In order to control the slave clock, we have to send a 1~2 second long voltage pulse, every minute, in alternating polarity. Then the minute hand will advance minute by minute. There is no second hand on this slave clock.
The control board is fairly simple, to test it all out, I soldered it on a piece of prototype board. Main control is by an ATMEGA8 microcontroller. This is using its own clock, from a Kyocera HC1 crystal oscillator to derive a 1 minute time interval, and and auxiliary 1 second output, for calibration purposes.
Ｔhe actual adjustment of the clock is done in software, because the oscillator is pretty stable, and this is just a test circuit. If the slave clock will be a minute off, or two, nobody will mind.

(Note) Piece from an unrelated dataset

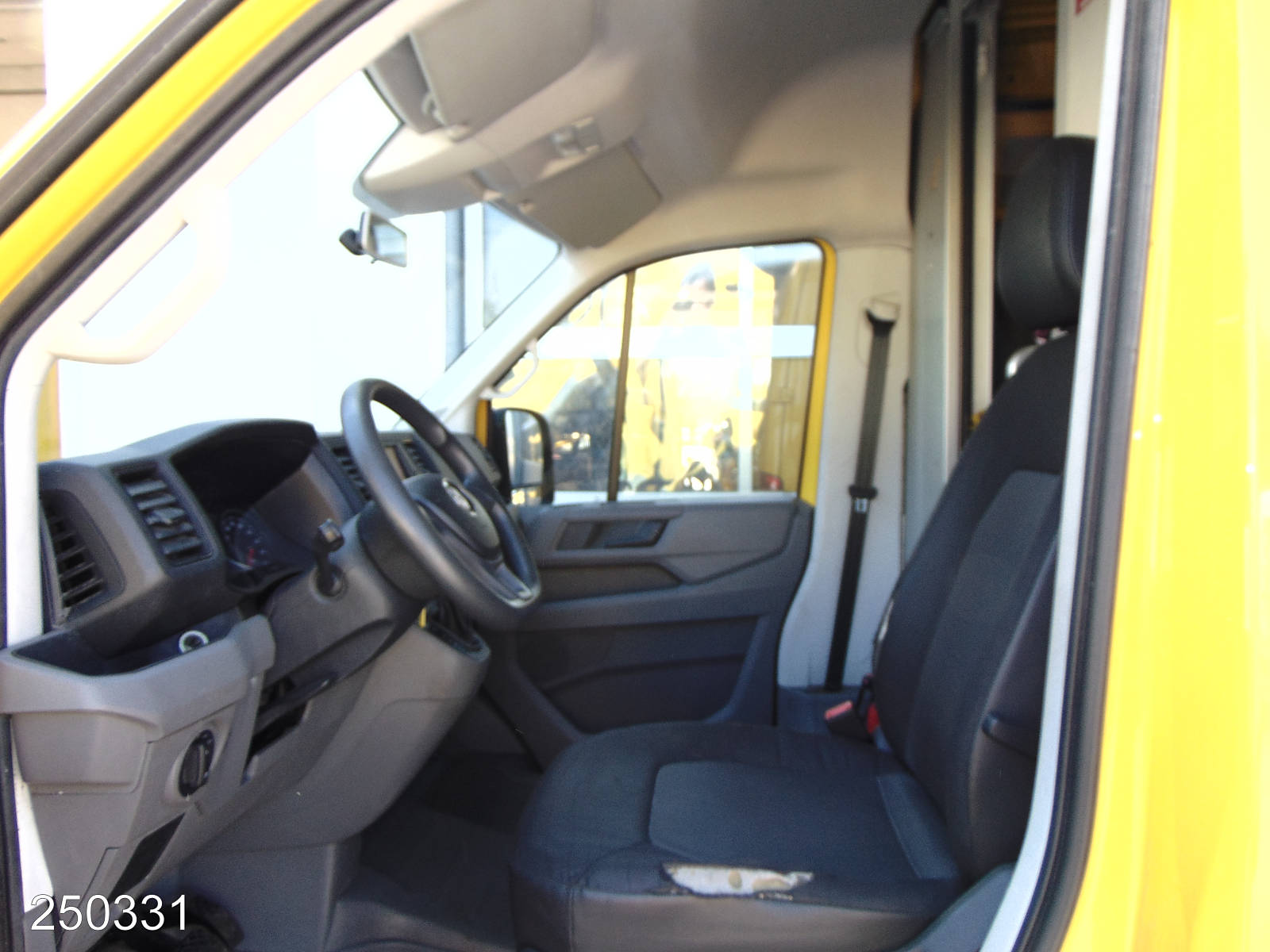 VW Crafter 35 2.0 TDI DSG Regalsystem-Klima-Kamera, Interne Nummer: 250331 Bild Nr. 3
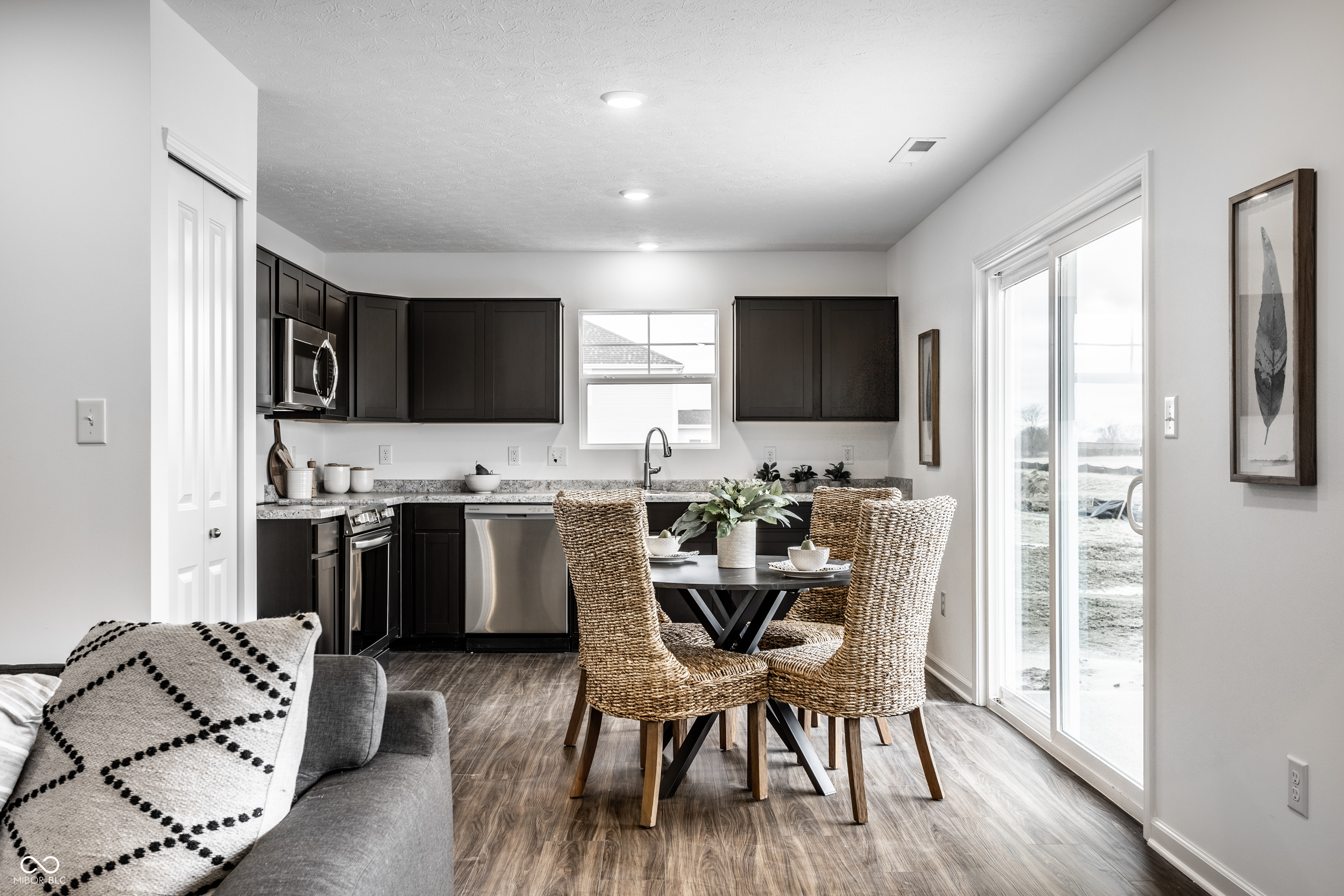 4372 Sedgewick Court Columbus, IN 47201 - Photo 2 of 5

The clock drive is completely separate from the controller, isolated by optocouplers. I used a small transformer, with dual 12 V output (because it is small current only, the output voltage is high enough, but you may use a 15 V transformer if it is handy).
Seems we are about 25 ppm out. After correction, the clock was running well within 1 ppm, fractions of a second per day.
To make the contraption a safe and useful thing, I put it in a little box, with some cables and feed-throughs.
Now it is up for some long term test, let’s see if it needs any modification.